Saturday, July 12, 2008
What a perfect day! Yesterday, July 11, 2008 was honestly one of the most perfect days I have ever experienced. After 9 months of anticipation, we headed off to court to finalize our son's adoption. We had family there, we had friends there, we had our amazing little boys there. PERFECT! Our judge was in such a jovial mood and he was so complimentary of our family, our values, our beliefs, etc... It was definitely not your normal "courthouse" experience. It was a HAPPY day. We are officially family forever and always! Our two boys will hopefully realize one day what this day meant for us. We love them so much, and we thank God daily for them. God blessed us with revealing "our purpose" to be these two precious boys parents.
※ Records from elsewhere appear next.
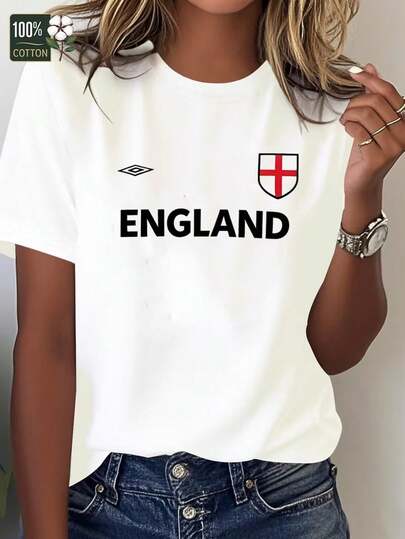 100% Cotton Women's Short Sleeve T-Shirt With England Football Logo Print For Sports Fans & Casual Wear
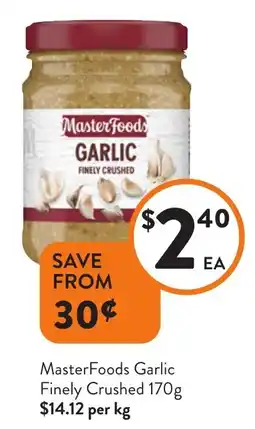 Foodworks MasterFoods Garlic Finely Crushed offer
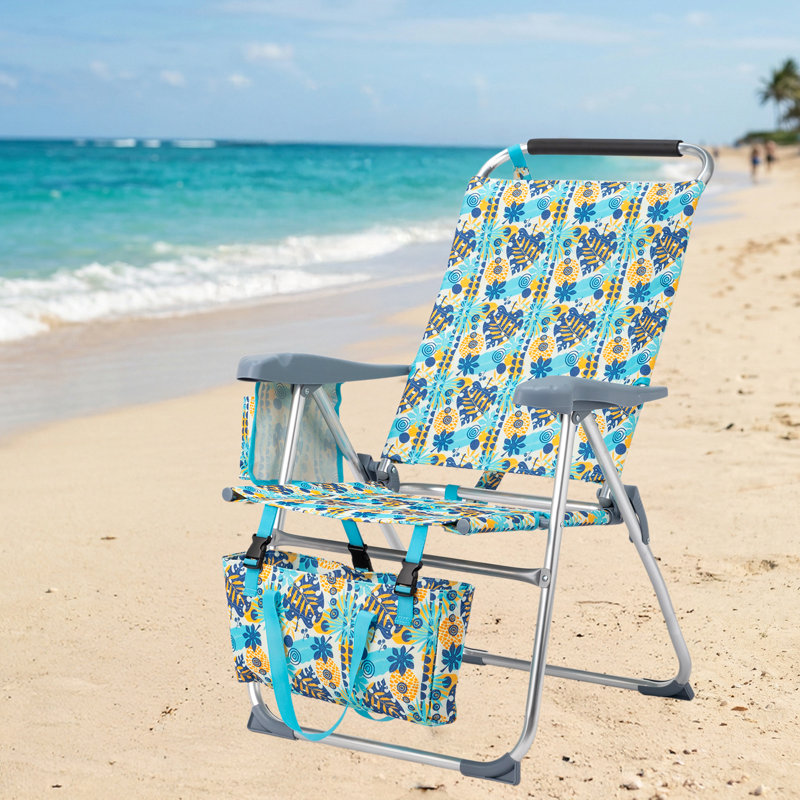7-Position Reclining High Seat Folding Beach Chair, 17 Inch Elevated Seat Aluminum Lawn Chair With Padded Headrest, Detachable Storage Tote & Cup Holder For Beach, Camping, Pool & Outdoor Concerts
I can not fathom the love God must have for me, knowing it is so much more than I have for my sons. I can honestly say I could not love them more had they been flesh of my flesh... After court, our day was just "normal" (what exactly is normal?) up until family picture time and our big PARTY! Pictures were fun and I can't wait to share them. The party was as everything else in the day PERFECT! The people that came and shared with us were all there because they loved us and wanted to celebrate with us. They all love our sons. How much more could we possibly ask for? This journey that started July 1, 1992, when I met my amazing hubby, could not have gone in a more correct path than this. Is it over? Definitely not! The journey has just begun. The love, parenting, fun, adventures, memories are just starting. Really, they just got their official "green light" yesterday. Would I do it again? WITHOUT A DOUBT! Adoption has changed our lives forever. We are a family! We have two amazing beautiful sons whom I'm pretty sure love us just as much as we do them. Funny question- Judge Woods asked "do you feel your family has bonded". Um well.... As I looked out in the courtroom, there's my husband, holding our 4 1/2 year old whose playing with daddy's ear. On the other leg, our 9 month, both hands wrapped around the 4 1/2 year olds head, as he lickes on his nose- ummm.... YEAH, we've bonded! I love my family. I have an amazing husband, and two gorgeous sons! God must really love me!!!!!!!!
Sunday, July 6, 2008
Seems like I have never prayed more in my life than since becoming a mother. Everything I now do, revolves around "Lord, take care of them". I never used to worry about taking long car trips, being in large crowds, being away from home for long periods of time, or anything like that. Now it seems like the least little thing evokes a prayer for my children. Now that's not a bad thing! I decided yesterday, I have to have a little more faith. After leaving on an afternoon outing with his Nonna, I suddenly had an unexplained fear that something was wrong with my precious 4 yr. old. I knew who he was with, supposedly where he was (they took a side trip, as Nonna's like to do), and when I would see him, but suddenly, my heart was gripped with fear for his safety. After several attempts on the cell phone, I resorted (which should have been my first response) to praying. My prayer was simple "Lord, he's in Your hands, protect him". An understanding of my mother's repeated cries that "I just can't sleep when your out late" or "I worry about you when your not home" suddenly hit me square between the eyes. Is that how she felt? EXACTLY! After my prayer, I had immediate peace. Of course, all was fine, and my little angel was having a ball with his Nonna. I am so thankful for the endless prayers my mom prayed for me, and I now am so much more understanding of the feelings she had. Thank you Lord for the opportunity to be a mother and for a loving Christian mom who taught me the importance of being a Godly example to my children. Help me be a the kind of Mom you want me to be and always trust You to take care of my little boys!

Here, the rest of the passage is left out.